When coming home, let there be time to pause.
Don’t swap the car-keys for door-keys too soon.
Don’t exchange memories for a list of chores.
Let the ‘best of album’ play one more tune.
Before long, home will nag and make its mark;
craving the fix, demanding attention.
Just put the car in park, let the dogs bark;
float a while in a state of suspension.
Make what you can of now, sit tight, be still;
leave the seat-belt buckled, don’t do a thing
that might burst that bubble and cause a spill
of action: a boot release… a door swing…
. The estimated time of arrival
. should accommodate an end that’s idle.

© Tim Grace, 2 November 2011


To the reader: You worked hard. You deserved a break. The lead-up was frantic. Exhausted, you began your vacation. The first few days were a blur. Eventually, time relaxed and you shifted your routine to make the most of new surroundings. The weeks away have been all too good. Refreshed, you turn for home. You arrive. The driveway is all too familiar; the same one you greet after a day of work. Exit with care… danger ahead!

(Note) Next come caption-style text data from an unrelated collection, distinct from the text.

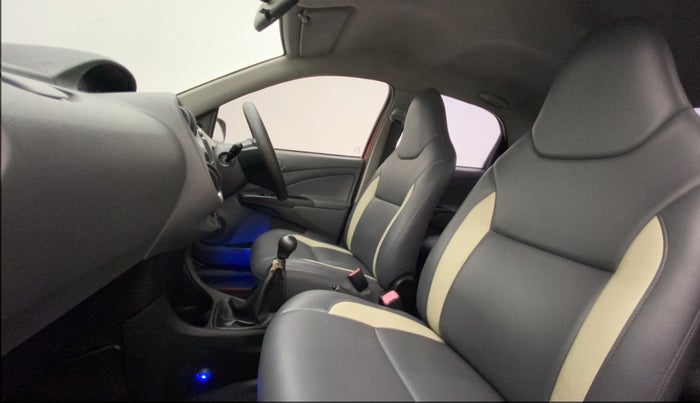 2012 Toyota Etios G, Petrol, Manual, 1,22,817 km, Right Side Front Door Cabin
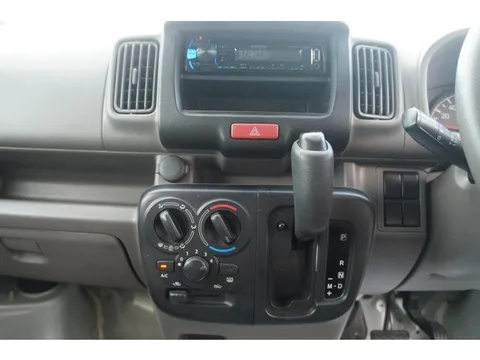 Nissan Clipper
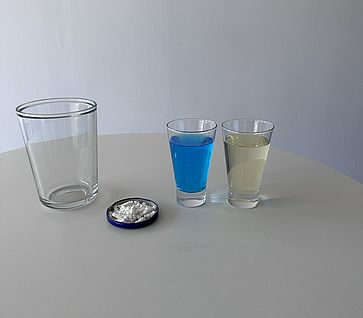 Tabletten, 3 Gläser mit Öl, Farbe, Wasser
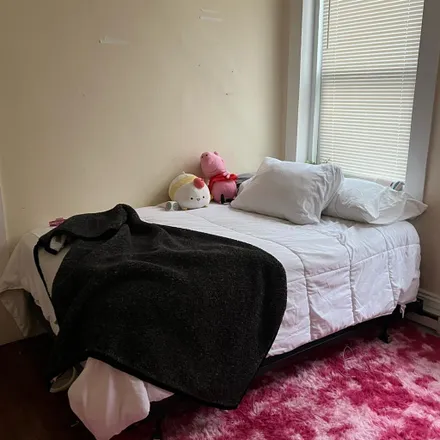 Rent this 1 bed room on 881 Huntington Avenue in Boston, MA 02120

To the poet: Capturing familiar happenings, as common experiences, should be easy; not so. As familiar, the items and activities in a domestic poem have assumed roles. Even the sequence of events requires a predictable story-board. It’s through mundane depictions that this sonnet finds room for curious comparisons; unexpected twists; and misappropriated phrases. A familiar background is a new window.


 

when coming home when coming home

 

once upon a vine

Once upon a vine…

Between that bottle and this long-stemmed glass
there lies the story of a summer wine.
Tells of fermentation, vintage and class;
begins with friends and “Once upon a vine…”
They are the golden flush, the rustic hue,
the straw-like characters in nature clad.
They are the sparkling stream, the morning dew,
the autumnal pallet, the harvest had.
They are the hint of rose, the sweet bouquet,
the lingering waft of lavender’s scent.
They are the earthy taste of new-mown hay;
the essence, the spirit of time well spent.
. In the pouring of a wine … stop at first.
. Raise a glass to friends who have quenched your thirst.

© Tim Grace, 28 October 2011


To the reader: The pursuit of medieval alchemists was to transmute one substance into another; metals into gold and water into wine. The scientific-age brought an end to alchemy’s legitimacy but we still love to concoct substances. Perfumes and wines are highly prized elixirs that intoxicate our interests. In both, we find beauty in the subtle interpretation of complex chemical relationships. Wine appreciation honours the art and science of wine making; it marries the head, the hand and heart of viticulture into one narrative… raise your glass.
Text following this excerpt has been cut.